SciPydata~5 mins

Wilcoxon signed-rank test in SciPy - Time & Space Complexity

Choose your learning style9 modes available

Learn Why Deep Visual Try Challenge Project Recall Time

Time Complexity: Wilcoxon signed-rank test

O(n log n)

Understanding Time Complexity

We want to understand how the time needed to run the Wilcoxon signed-rank test changes as the input data grows.

Specifically, how does the test's execution time grow when we have more paired samples?

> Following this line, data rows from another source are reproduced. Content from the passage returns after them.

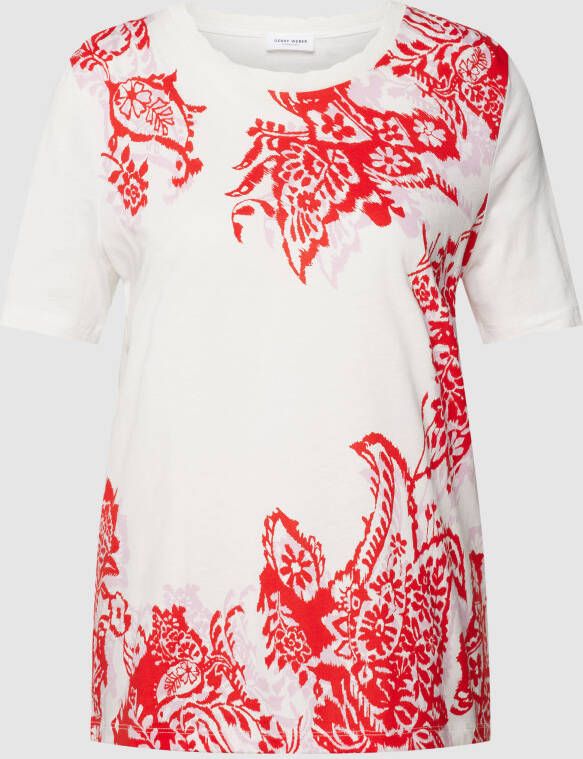 Gerry Weber T-shirt met all-over bloemenmotief model 'JOYFUL VIBES'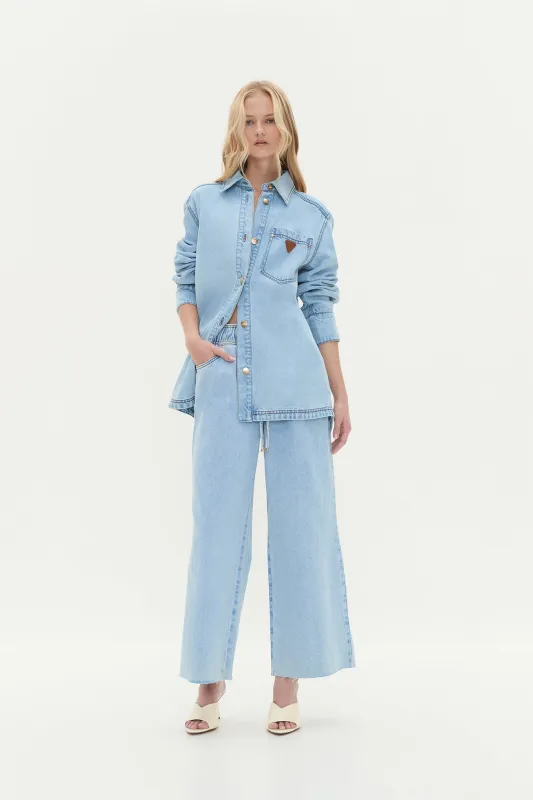 Flynn Crop Denim Jeans sold by Aje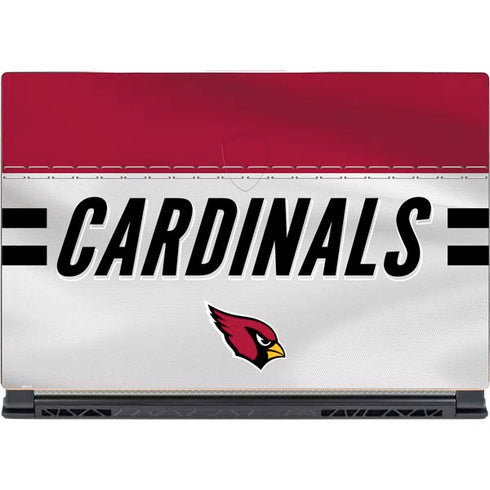 NFL Arizona Cardinals White Striped MSI GS65 Stealth Laptop Skin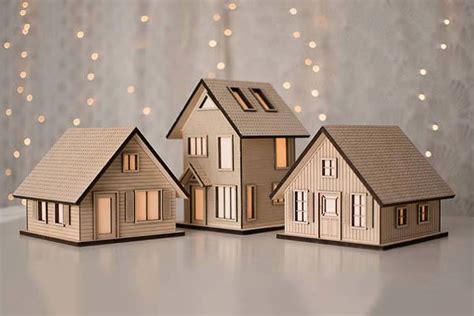 Handmade Wooden Cottage LED Night Light | Gadgetsin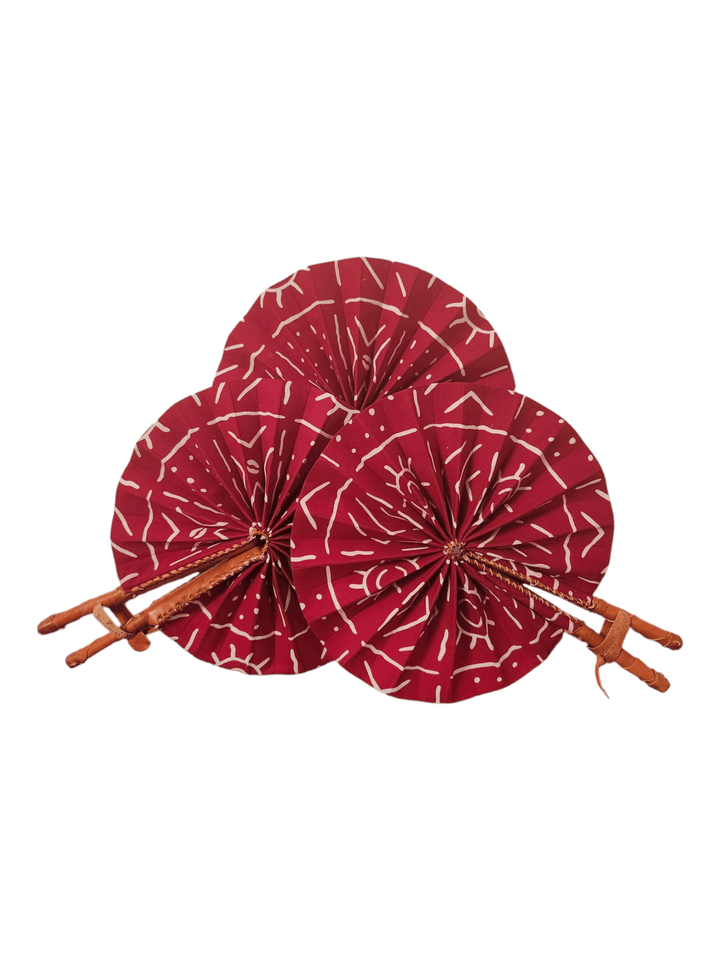 Red & White Handheld Fan - Accessories - Fire Inside Me -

Scenario Under Consideration

Analyze the time complexity of the following code snippet.


import numpy as np
from scipy.stats import wilcoxon

n = 100  # example size
# paired sample data
x = np.random.rand(n)
y = np.random.rand(n)

# perform Wilcoxon signed-rank test
stat, p = wilcoxon(x, y)

This code runs the Wilcoxon signed-rank test on two paired samples of size n.

Identify Repeating Operations

Identify the loops, recursion, array traversals that repeat.

Primary operations: Computing differences (O(n)), sorting absolute differences for ranking (O(n log n)), and summing signed ranks (O(n)).
How many times: Differences and sums are O(n), but ranking dominates due to sorting.

How Execution Grows With Input

As the number of paired samples n increases, the sorting for ranking causes time to grow as O(n log n).

Input Size (n)	Approx. Operations
10	About 33 operations (10 * log2(10) ≈ 33)
100	About 664 operations (100 * log2(100) ≈ 664)
1000	About 9970 operations (1000 * log2(1000) ≈ 9970)

Pattern observation: The work grows roughly as n log n as n grows.

Final Time Complexity

Time Complexity: O(n log n)

This is dominated by the sorting step required for ranking the absolute differences in SciPy's implementation.

Common Mistake

[X] Wrong: "The Wilcoxon test is O(n) since we just process each pair once."

[OK] Correct: Ranking requires sorting the absolute differences, which is O(n log n).

Interview Connect

Understanding that statistical tests like Wilcoxon involve sorting helps evaluate scalability for large datasets.

Self-Check

"What if the input data were already sorted by difference magnitude? How would that affect the time complexity?"